Como podrá recordarse, a inicios de este año, el presidente guyanés
David Granger, siempre presto a atacar a Venezuela, habría pedido que se
aumentara la presencia militar en la frontera, debido a que el “Sindicato” aumentó sus acciones delictivas en la zona y se habrían reportado ataques a mineros guyaneses.

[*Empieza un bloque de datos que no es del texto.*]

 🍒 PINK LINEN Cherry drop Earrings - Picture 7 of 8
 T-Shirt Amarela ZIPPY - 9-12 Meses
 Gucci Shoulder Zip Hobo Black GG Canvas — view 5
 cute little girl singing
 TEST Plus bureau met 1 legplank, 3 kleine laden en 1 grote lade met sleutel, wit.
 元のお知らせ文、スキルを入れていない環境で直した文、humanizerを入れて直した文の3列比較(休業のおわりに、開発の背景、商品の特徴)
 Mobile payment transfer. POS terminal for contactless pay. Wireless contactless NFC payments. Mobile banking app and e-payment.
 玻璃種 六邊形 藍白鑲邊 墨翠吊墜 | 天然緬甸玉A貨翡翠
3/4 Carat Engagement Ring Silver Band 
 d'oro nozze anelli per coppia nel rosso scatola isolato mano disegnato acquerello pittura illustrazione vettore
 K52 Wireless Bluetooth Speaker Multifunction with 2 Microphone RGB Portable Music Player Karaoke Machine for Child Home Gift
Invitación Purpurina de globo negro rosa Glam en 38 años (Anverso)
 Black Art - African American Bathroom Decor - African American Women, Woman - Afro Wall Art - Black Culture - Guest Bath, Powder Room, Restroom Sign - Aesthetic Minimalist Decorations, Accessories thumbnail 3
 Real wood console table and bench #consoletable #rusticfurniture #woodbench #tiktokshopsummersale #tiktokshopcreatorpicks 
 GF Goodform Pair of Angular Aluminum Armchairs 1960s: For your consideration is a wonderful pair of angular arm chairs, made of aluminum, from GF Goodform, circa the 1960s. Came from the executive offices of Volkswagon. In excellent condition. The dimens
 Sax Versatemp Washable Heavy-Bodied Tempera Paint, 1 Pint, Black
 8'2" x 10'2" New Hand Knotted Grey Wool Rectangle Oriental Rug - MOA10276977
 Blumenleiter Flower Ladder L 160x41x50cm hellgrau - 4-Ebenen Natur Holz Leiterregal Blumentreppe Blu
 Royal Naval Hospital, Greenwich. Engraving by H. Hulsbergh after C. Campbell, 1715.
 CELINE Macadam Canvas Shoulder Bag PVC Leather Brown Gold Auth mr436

Ya para concluir quiero señalar, repitiendo lo dicho en un artículo anterior (7),
que si en definitiva Colombia y Guyana decidiesen actuar en profundidad
como los peones del imperio que realmente son, invadiendo nuestro
territorio, no les arriendo las ganancias puesto que de este lado se
encontrarán con un pueblo cívico-militar, plenamente capacitado para la
defensa del territorio y dispuesto a entregar hasta su última gota de
sangre por entender que si Venezuela cae, habrá de caer toda “Nuestra América” , que retornaría a ser el infamante “patio trasero”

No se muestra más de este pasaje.